» **Your assignment**
Please print each entry below exactly as it stands, but without any pictures.

» **Listed entries**
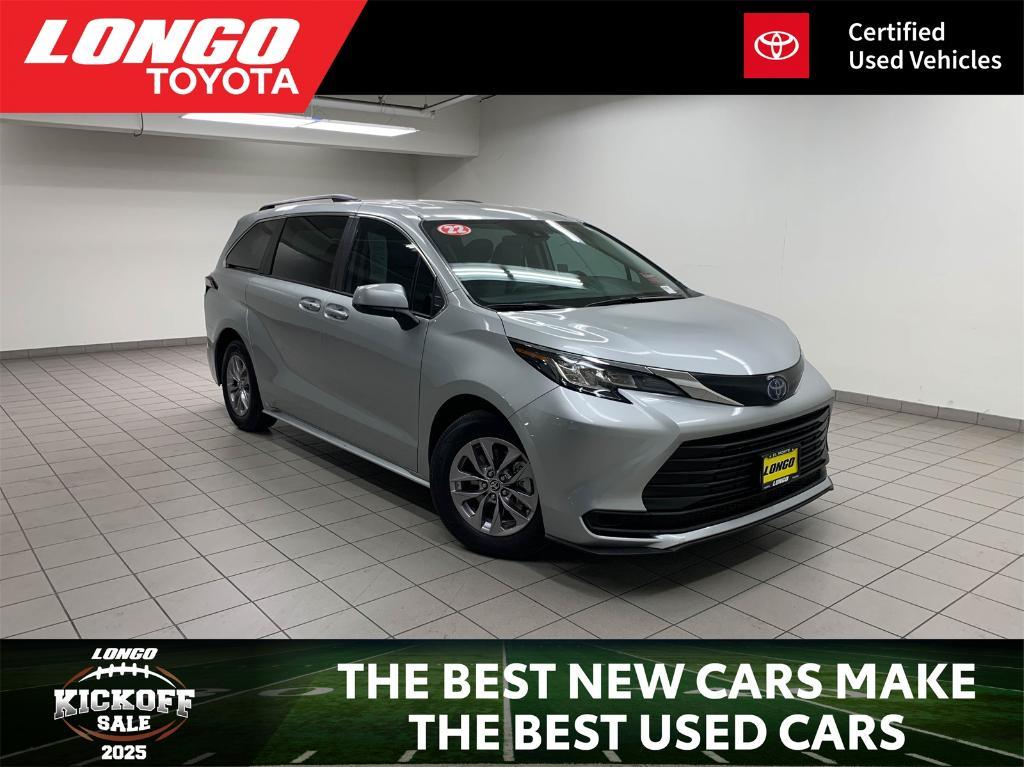 used 2022 Toyota Sienna car, priced at $39,988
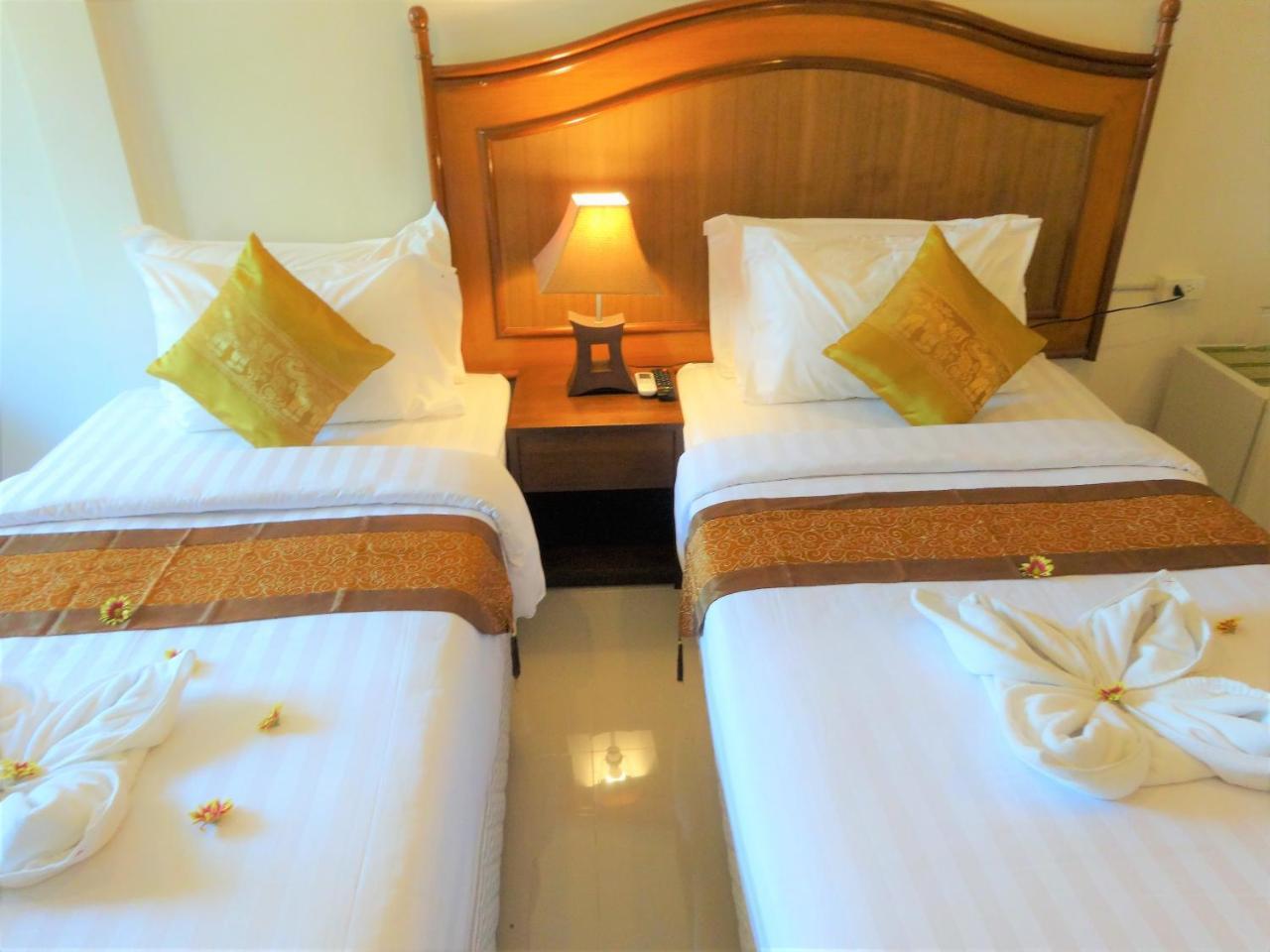 Bangrak Pier Samui Resort ภายนอก รูปภาพ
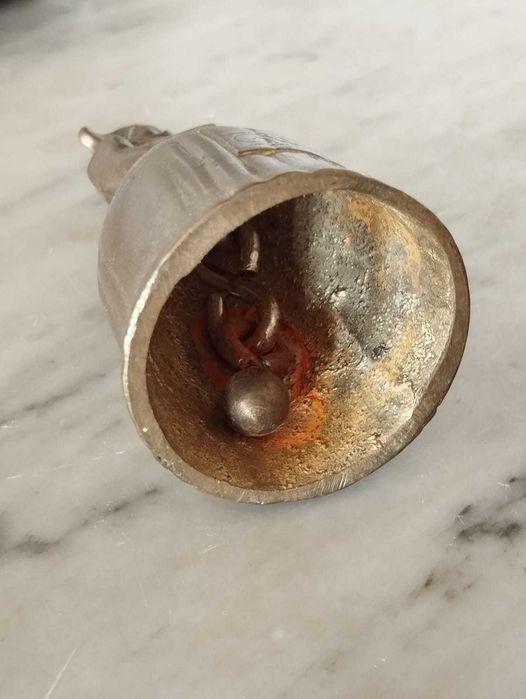 Sinos em Latão antigo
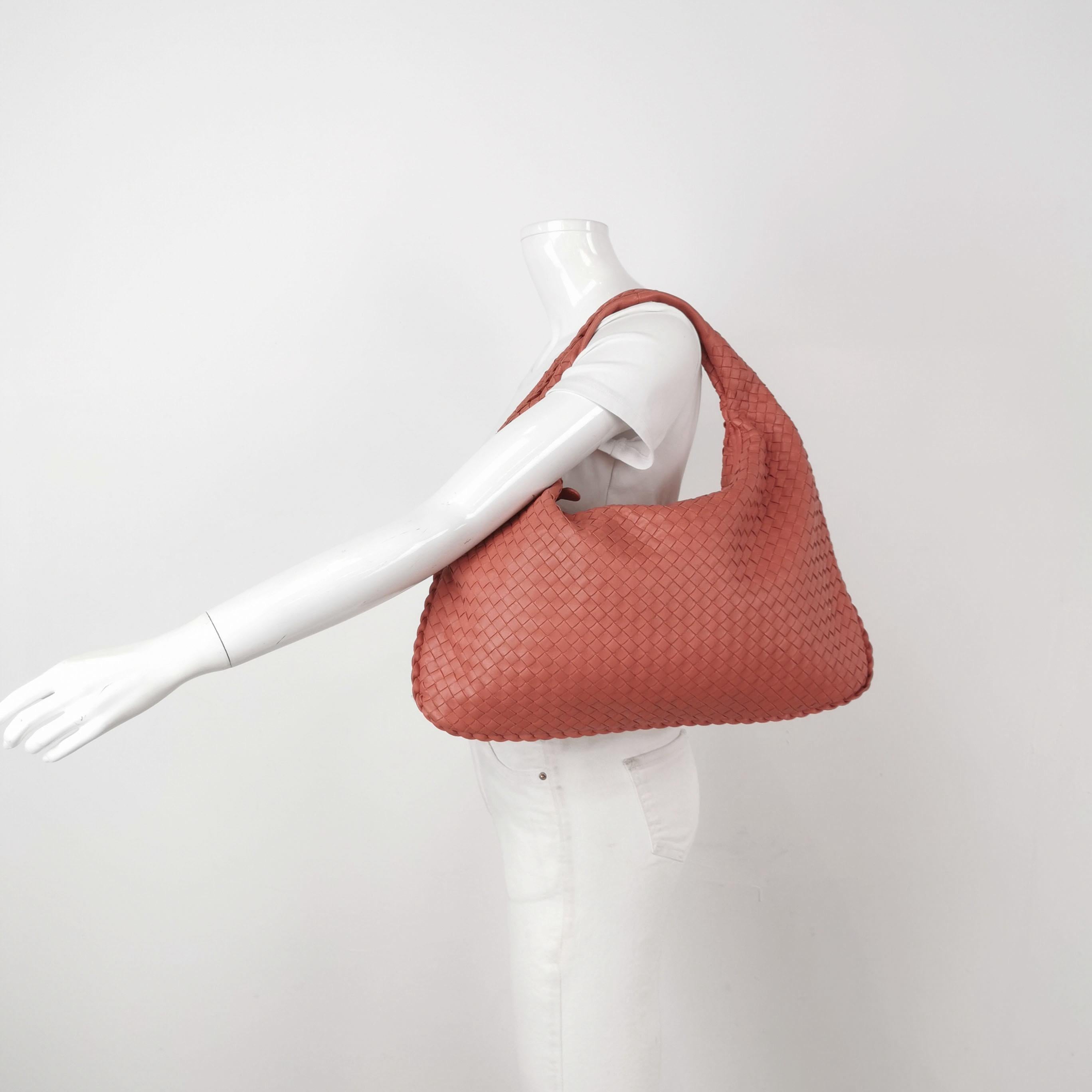 Bottega Veneta Hobo Borsa in pelle di agnello Intrecciato Rosa Corallo Media Grande 47cm in vendita 2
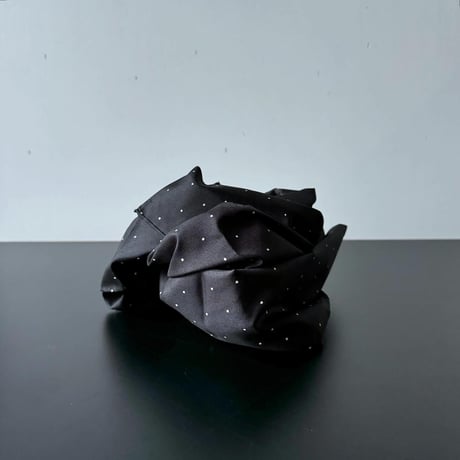 COMOLI　シルクドット スカーフ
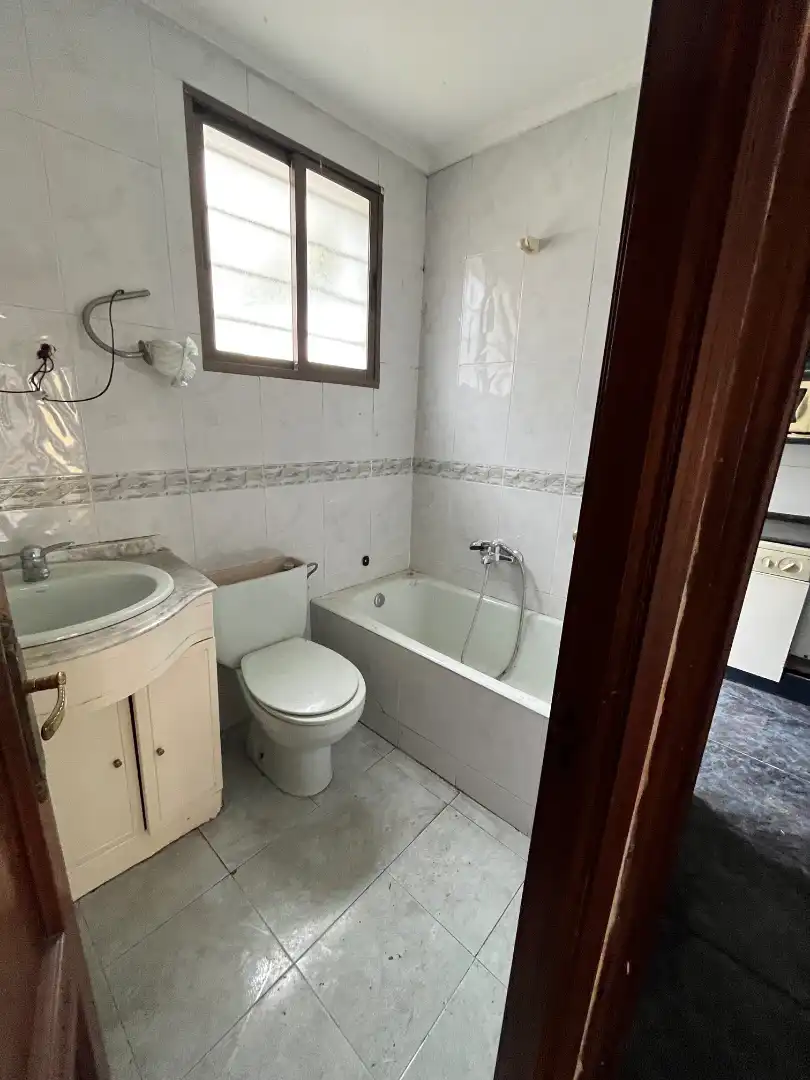 Baño de Casa adosada en venta en Santurtzi  con Jardín privado, Terraza y Balcón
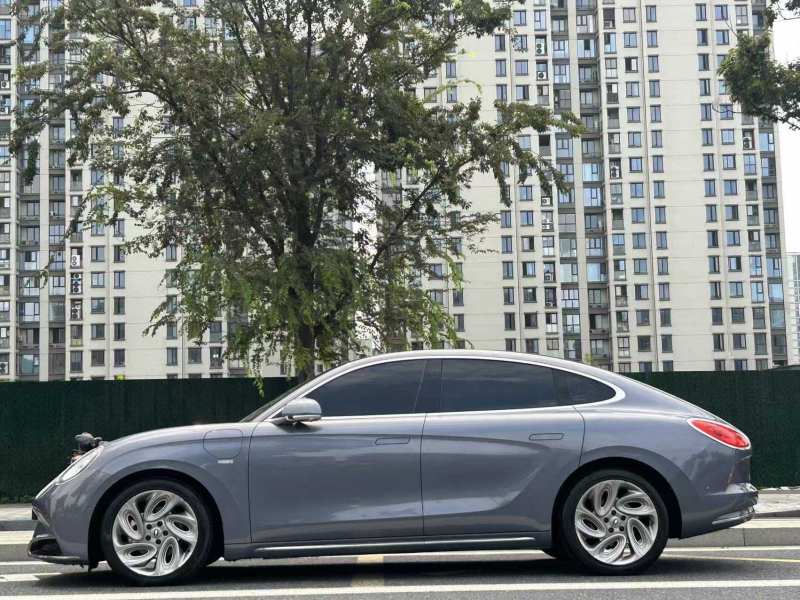 Used ORA Lightning Cat 2022 555 km Luxury Edition – Premium — 32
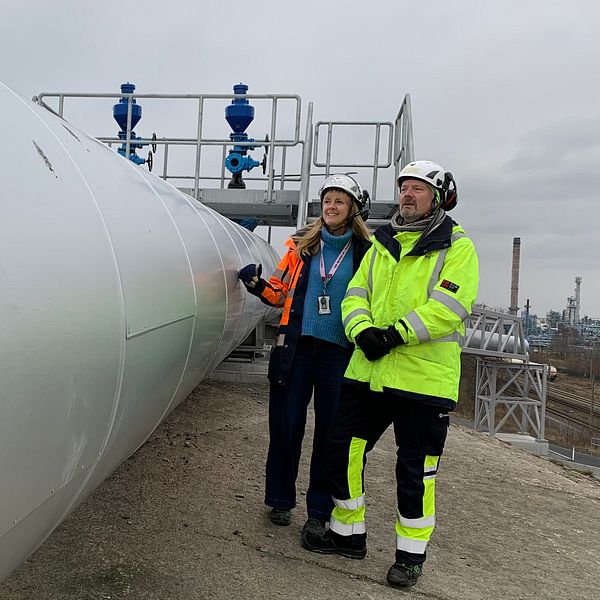 Ett sex kilometer långt rör och avloppsvatten som återanvänds, som så kallat tekniskt vatten. Projektledarna från Kretslopp och vatten och Göteborg energi visar det stora röret.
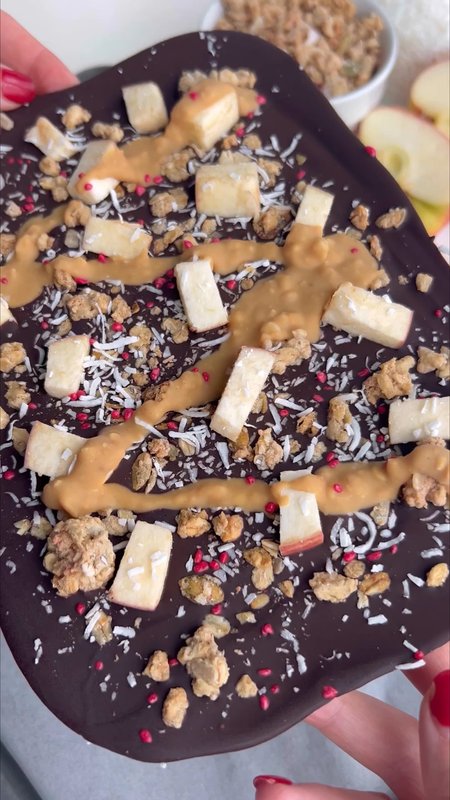 Apple and Peanut Butter Chocolate Bark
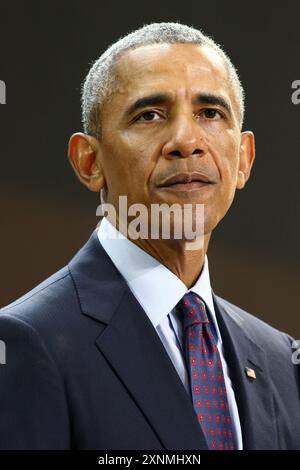 L'ancien président américain Barack Obama prend la parole lors des gardiens de but de la fondation Bill et Melinda Gates 2017 au Jazz au Lincoln Center de New York. Banque D'Images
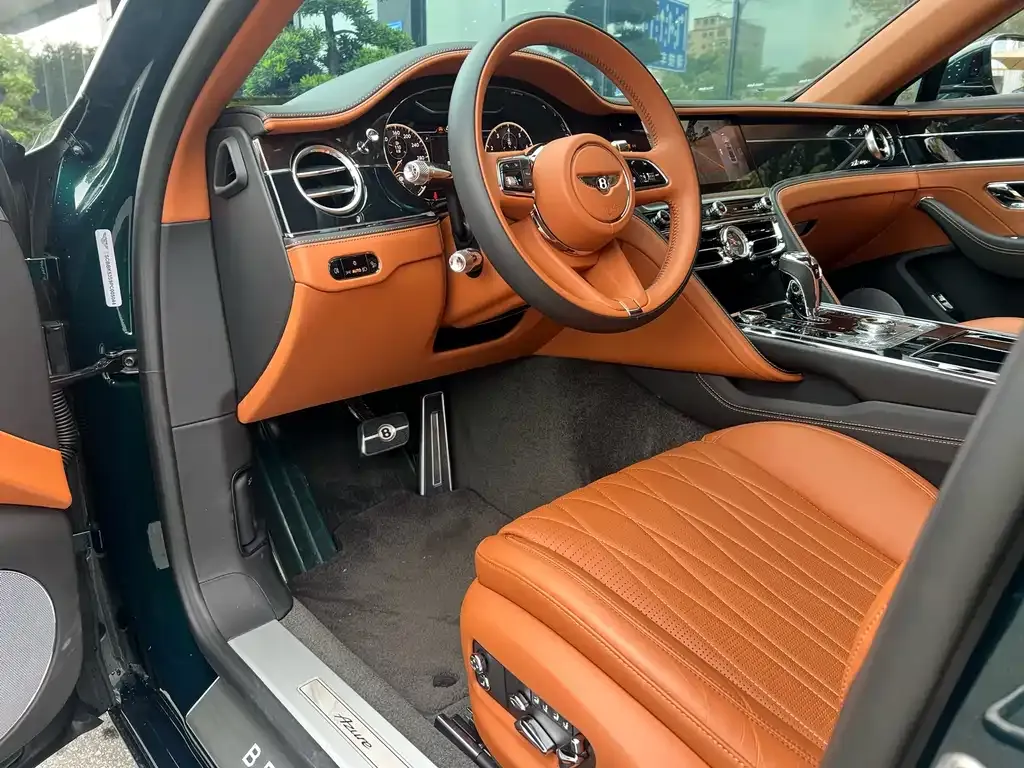 Bentley Flying Spur 2023 из CN, фото 4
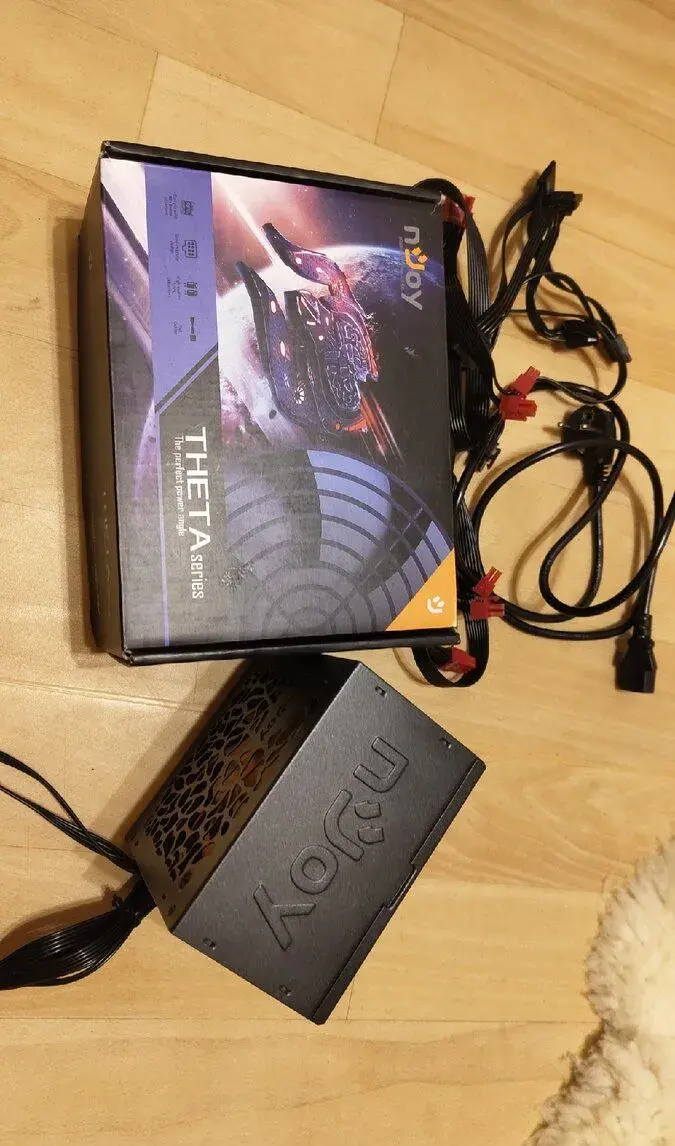 PC zdroj 650W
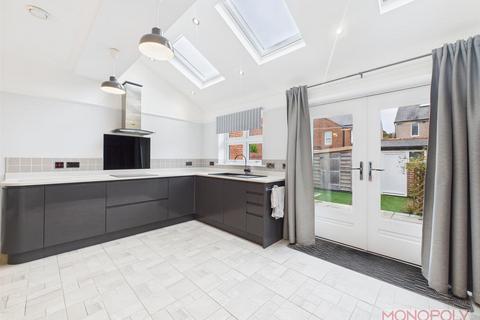 3 bedroom detached house for sale, Beechley Road, Wrexham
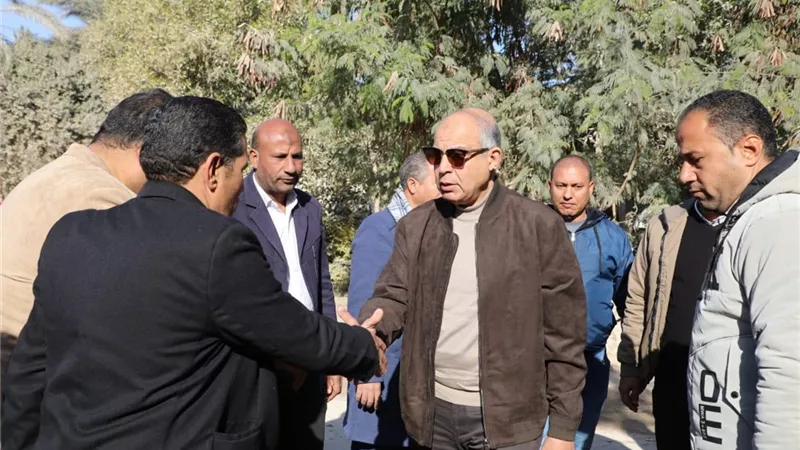محافظ المنيا يقرر صرف 10 آلاف جنيه لأسر ضحايا حادث الطريق الصحراوي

» **The answer**
 used 2022 Toyota Sienna car, priced at $39,988
 Bangrak Pier Samui Resort ภายนอก รูปภาพ
 Sinos em Latão antigo
 Bottega Veneta Hobo Borsa in pelle di agnello Intrecciato Rosa Corallo Media Grande 47cm in vendita 2
 COMOLI　シルクドット スカーフ
 Baño de Casa adosada en venta en Santurtzi  con Jardín privado, Terraza y Balcón
 Used ORA Lightning Cat 2022 555 km Luxury Edition – Premium — 32
 Ett sex kilometer långt rör och avloppsvatten som återanvänds, som så kallat tekniskt vatten. Projektledarna från Kretslopp och vatten och Göteborg energi visar det stora röret.
 Apple and Peanut Butter Chocolate Bark
 L'ancien président américain Barack Obama prend la parole lors des gardiens de but de la fondation Bill et Melinda Gates 2017 au Jazz au Lincoln Center de New York. Banque D'Images
 Bentley Flying Spur 2023 из CN, фото 4
 PC zdroj 650W
 3 bedroom detached house for sale, Beechley Road, Wrexham
محافظ المنيا يقرر صرف 10 آلاف جنيه لأسر ضحايا حادث الطريق الصحراوي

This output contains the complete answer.